The Minority Flautist
Almost every flute section has at least one Asian person. The Asian practices for approximately 26.3 hours per night, which results in an ability to play with mechanical perfection. However, their lack of a soul prevents them from expressing any actual feeling in their music and they often become confused for a Flute-Playing Robot. In an attempt to compensate for this, occasionally they attempt to put too much soul in their playing, thus blowing their own minds and rendering them incapable of playing at all. The Mexican does the exact opposite of the Asian. The Mexican practices for only 2 minutes every week, loves Justin Bieber, and thinks she is smart. People often talk about her behind her back but she doesn't care.
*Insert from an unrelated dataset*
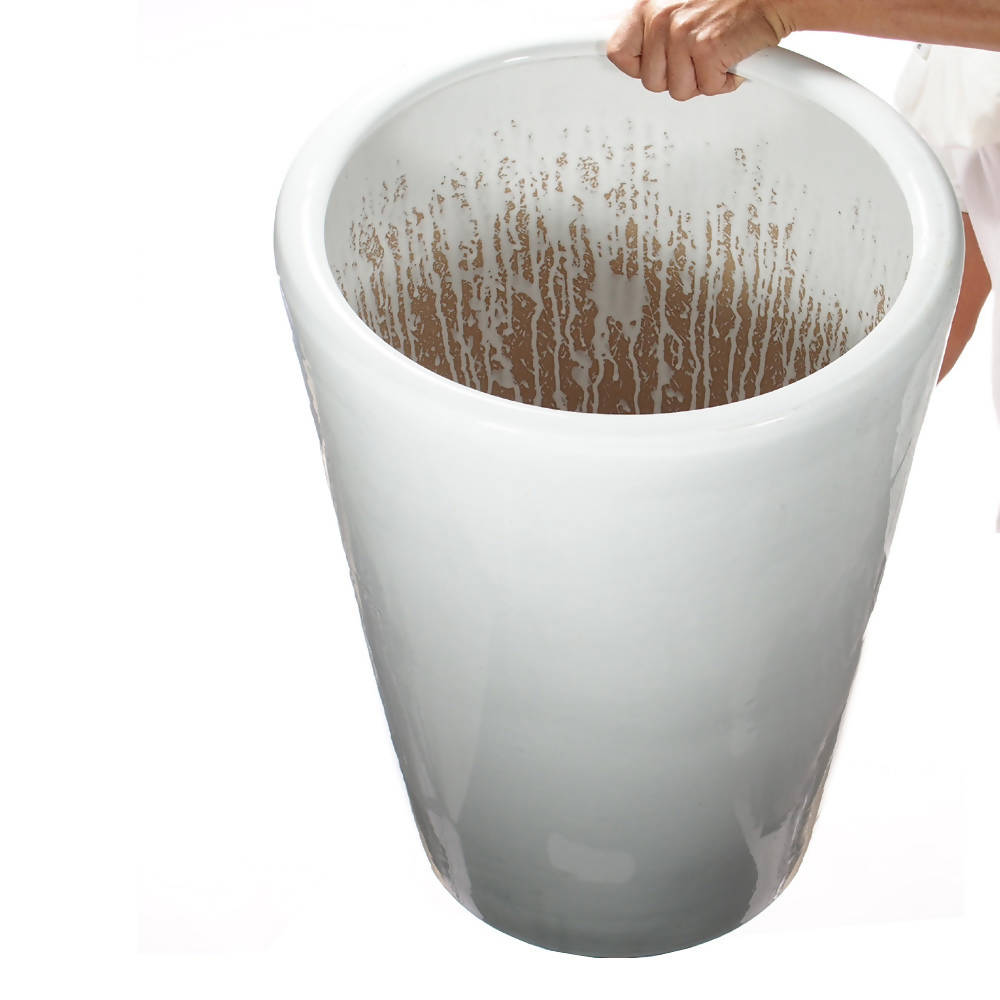 White Tall Pot Glossy Ceramic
These are the people that star in all the movies. They are actually quite good but hide their talent behind their slut-like actions. They are the attractive stereotypical flute players seen in all movies and the original creators of "This one time at band camp".
The Piccolo Player
A rare breed of flute player, these are the heroes of the flute section, because they can actually be heard over other instruments. They often receive excessive amounts of hate from all other types of instrument for being so loud and yet so small and easy to carry. Due to this hate, piccolo players must quickly develop thick skins and indifference towards the many insults hurled at them from other instruments. If a piccolo player is provoked to extreme levels there is a chance that they will go berserk and perform an attack commonly known as "The Band Camp" with their piccolo upon whatever has infuriated them so. They are usually cocky and love to have the world hear them. They always must be the centre of attention and be heard. However, the Piccolo player is always out of tune.
The Queen/King Bee
The one player in the section who is better than everyone else. Everyone knows it so no one tries to change it. They are usually the section leader. Very strong-headed and never afraid to tell you if you suck. They will always be there to help you even though most are too intimidated to ask. The Queen/King will normally get really nervous or anxious before performances even though they never screw anything up. It's best to be on their good side.
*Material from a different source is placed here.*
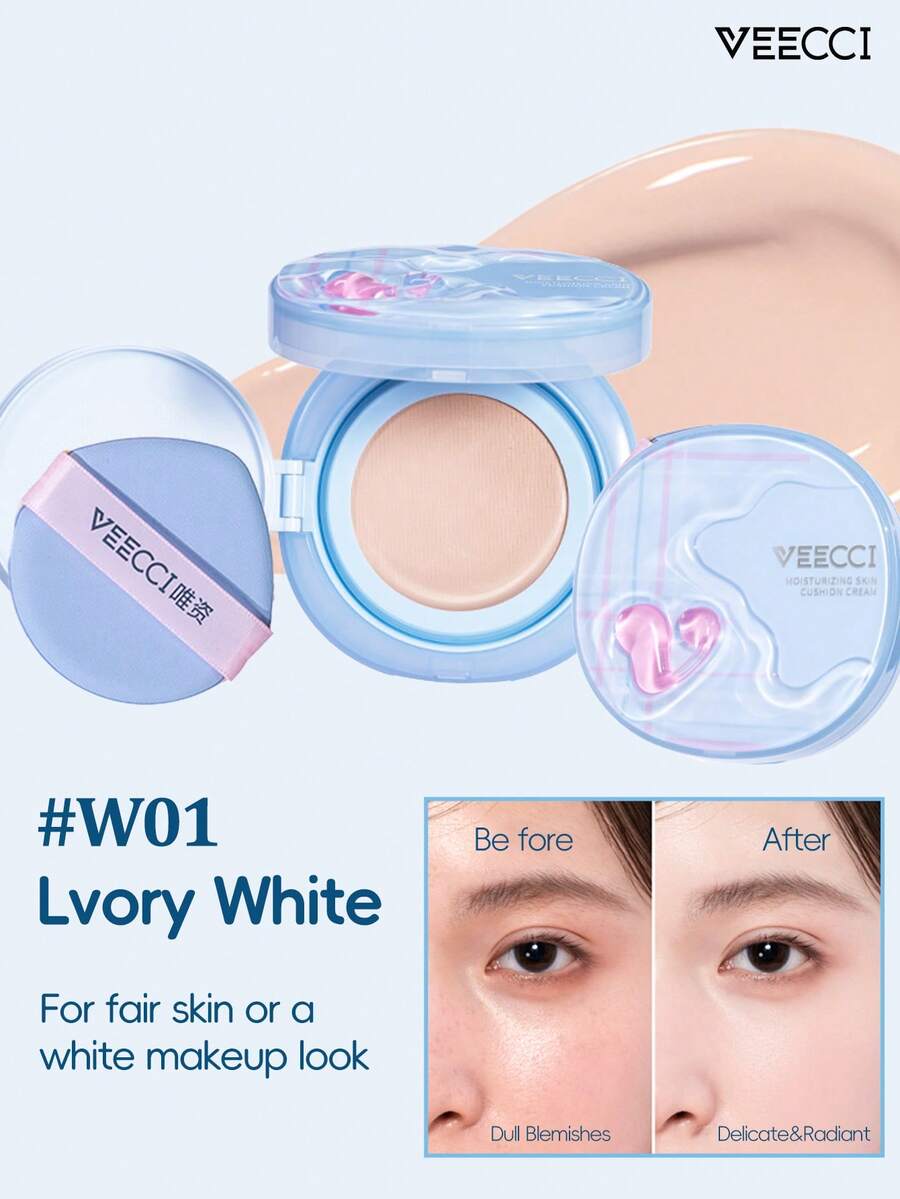 VEECCI 保湿气垫粉底，有效遮瑕，打造自然妆效，滋养柔滑持久配方，营造轻盈裸妆感，适合学生和上班族使用。 - #W01 Lvory White - 查看 1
In a section full of attractive people there has to be the odd ones out. This is a group of 2 or 3 players that aren't amazing when it comes to playing but they aren't horrible either. They will generally stick to themselves and pretend to be amused when the rest of the section is talking about the crazy details of their wild weekend. They tend to use music as their outlet and are obsessed with anything music related.
The Color Guard
These are the flute players who choose to twirl flags rather than play music during the marching season and are generally the most annoying flute players ever known. During concert band they are usually second or third or even fourth flutes who generally suck. They probably joined color guard in the the first place because of their lack of playing skill.